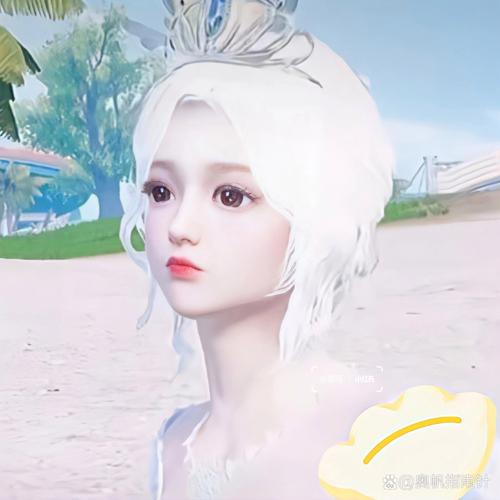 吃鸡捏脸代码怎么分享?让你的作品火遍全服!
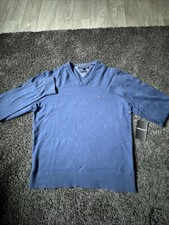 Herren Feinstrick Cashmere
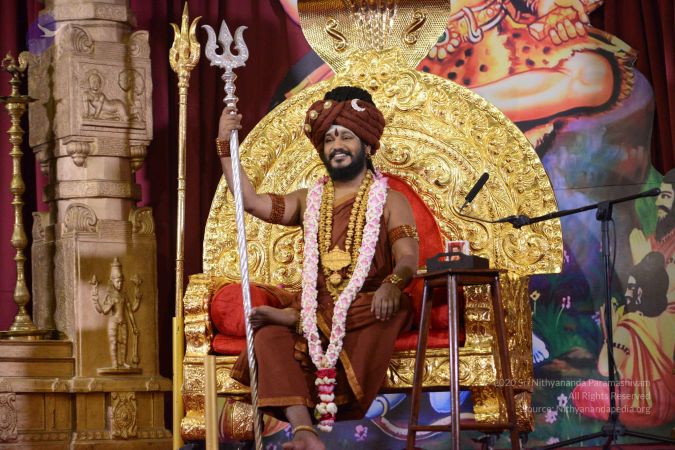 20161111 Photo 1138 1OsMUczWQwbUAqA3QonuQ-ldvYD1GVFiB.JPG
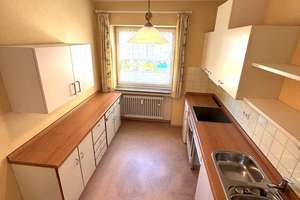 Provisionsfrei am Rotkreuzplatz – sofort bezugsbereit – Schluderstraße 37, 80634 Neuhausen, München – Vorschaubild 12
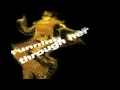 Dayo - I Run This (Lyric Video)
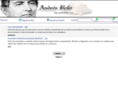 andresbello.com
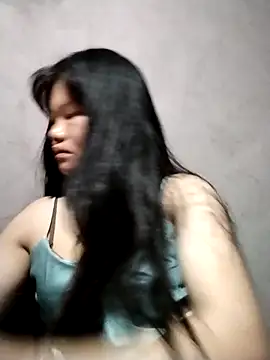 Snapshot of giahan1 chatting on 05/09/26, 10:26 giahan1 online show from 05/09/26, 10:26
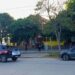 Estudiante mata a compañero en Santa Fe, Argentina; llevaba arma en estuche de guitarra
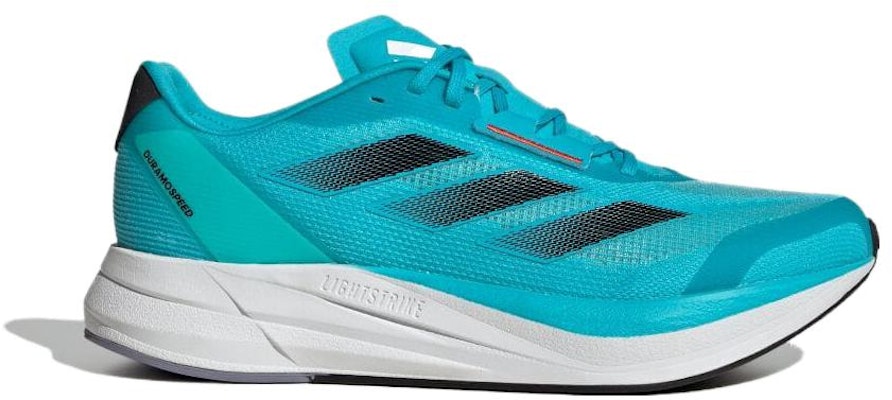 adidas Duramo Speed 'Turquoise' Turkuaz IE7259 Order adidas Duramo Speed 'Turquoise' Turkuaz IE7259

___

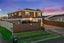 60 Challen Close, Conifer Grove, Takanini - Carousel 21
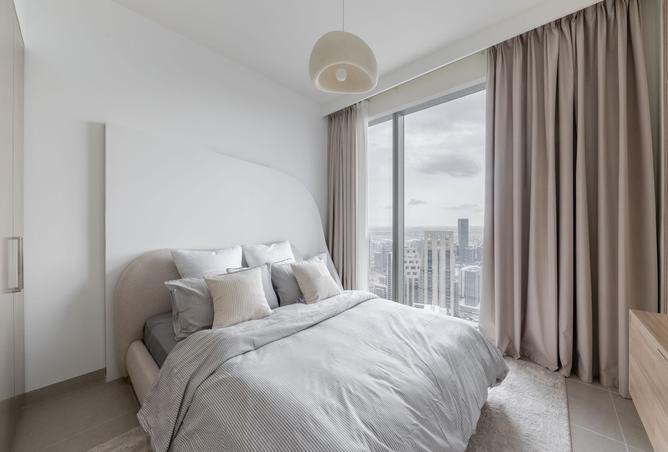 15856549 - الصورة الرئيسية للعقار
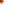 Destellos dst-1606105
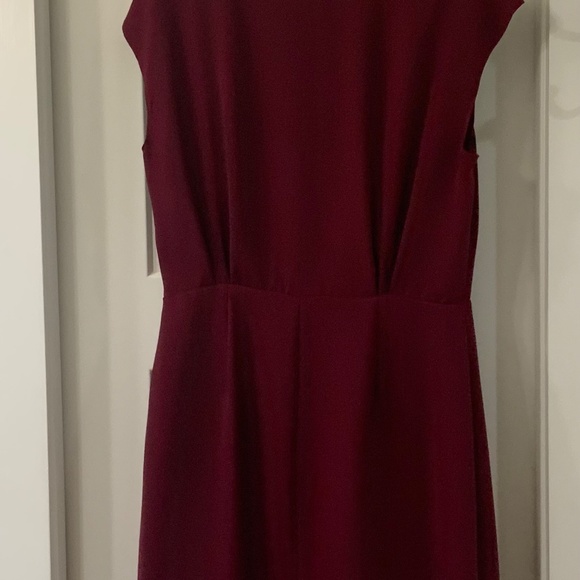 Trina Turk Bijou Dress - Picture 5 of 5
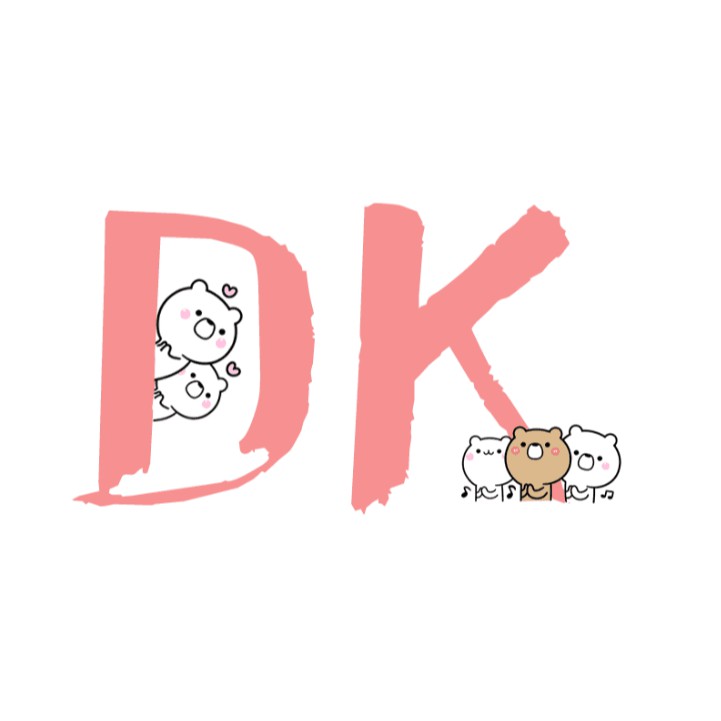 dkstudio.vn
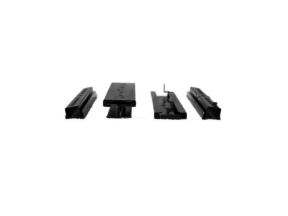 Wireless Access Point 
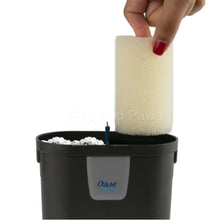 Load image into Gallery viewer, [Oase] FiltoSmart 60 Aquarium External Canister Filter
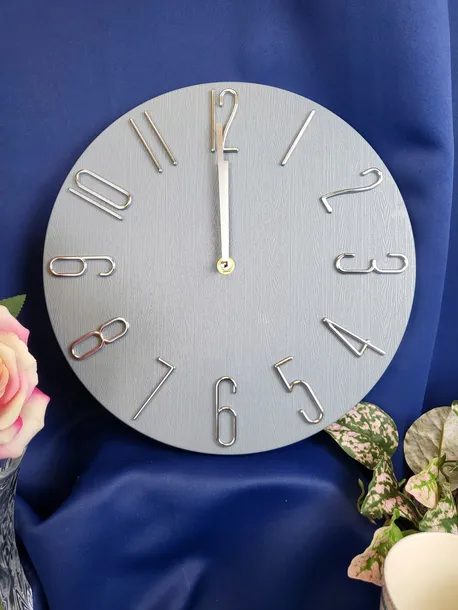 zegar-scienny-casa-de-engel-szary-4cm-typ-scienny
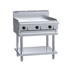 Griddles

___

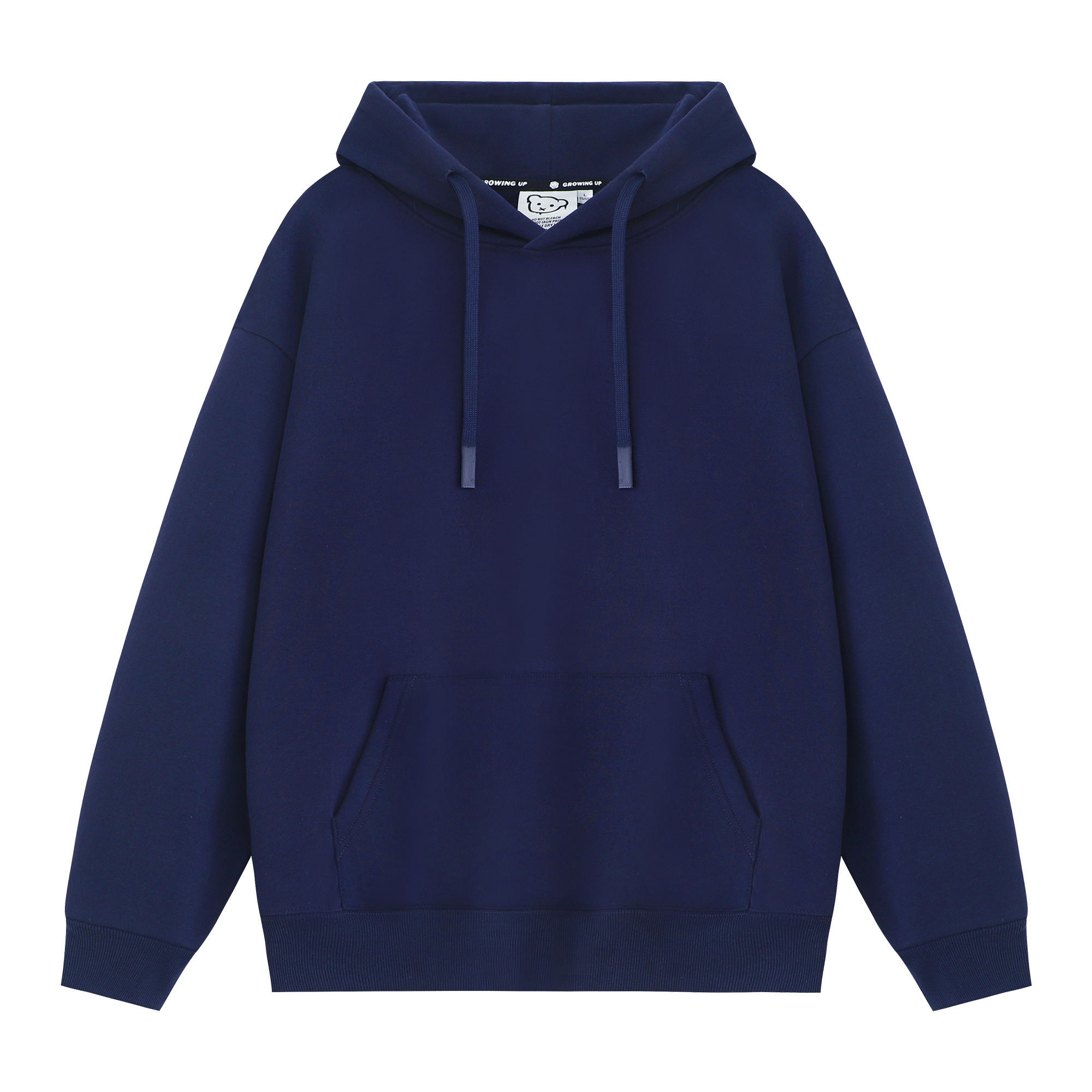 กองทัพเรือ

___

The material above holds pictures; leave them out. Repeat exactly the lines from the one containing "60 Challen Close, Conifer" through the one containing "Wireless Access Point", and nothing else.

_Response box_.
 60 Challen Close, Conifer Grove, Takanini - Carousel 21
 15856549 - الصورة الرئيسية للعقار
 Destellos dst-1606105
 Trina Turk Bijou Dress - Picture 5 of 5
 dkstudio.vn
 Wireless Access Point 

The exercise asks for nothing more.